__EXERCISE GOAL__.
If pictures appear in the lines below, skip them and copy exactly the lines from the one containing "Our final shot" through the one containing "It's a 2007", and nothing else.

__SUPPLIED DATA__.

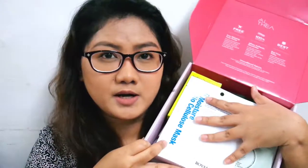Once they release it, makikita mo na agad kung anong items yung nasa box, and they have everything on their website already — product list, descriptions, everything that you need to know. So you can make a smart decision whether you like to get that box or maybe wait for another box. Now let's move on to the unboxing and review of the products.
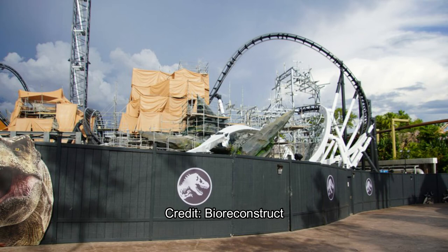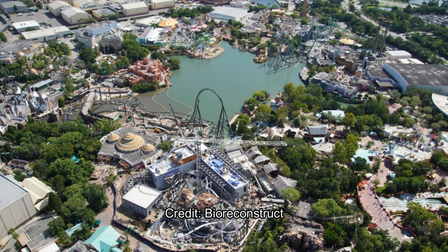Our final shot is a nice overview of the entire park. The Velocicoaster is a big coaster but very compact at the same time — incredible. You can see the Incredible Hulk coaster at the top of the picture, and then the Velocicoaster snaking into the Wizarding World of Harry Potter with its double helix, going right over the bridge and making a nice entrance statement into the Jurassic Park area for anyone coming from Hogsmeade.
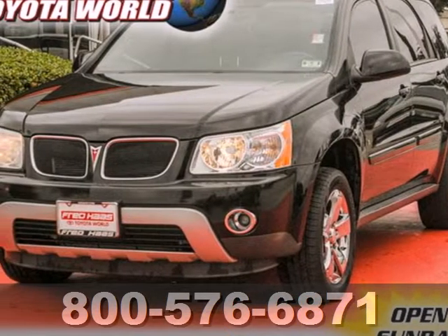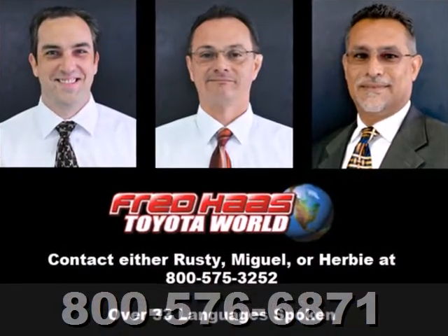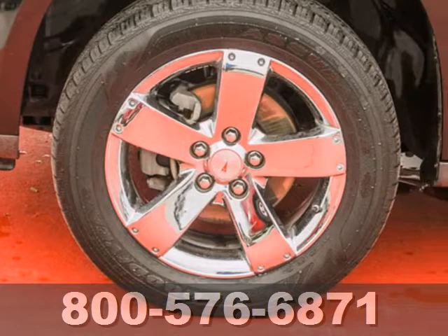It's a 2007 Pontiac Torrent. Standard amenities include a rear spoiler, split folding second-row seat, a multi-function remote, and an awesome sound system.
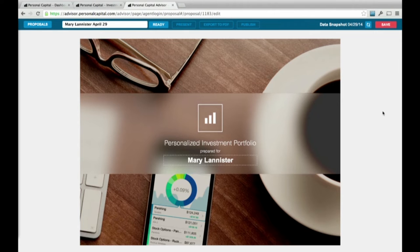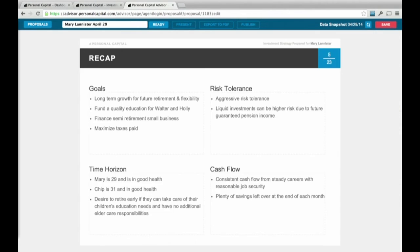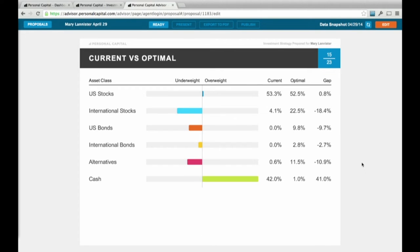What we did is marry the aggregated household data we have from our customers with a back-office proposal system that empowers advisors to develop personalized strategies at scale. We just rolled it out over the past month and our entire advisory team is now using it.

__WRITTEN RESPONSE__.
Our final shot is a nice overview of the entire park. The Velocicoaster is a big coaster but very compact at the same time — incredible. You can see the Incredible Hulk coaster at the top of the picture, and then the Velocicoaster snaking into the Wizarding World of Harry Potter with its double helix, going right over the bridge and making a nice entrance statement into the Jurassic Park area for anyone coming from Hogsmeade.
It's a 2007 Pontiac Torrent. Standard amenities include a rear spoiler, split folding second-row seat, a multi-function remote, and an awesome sound system.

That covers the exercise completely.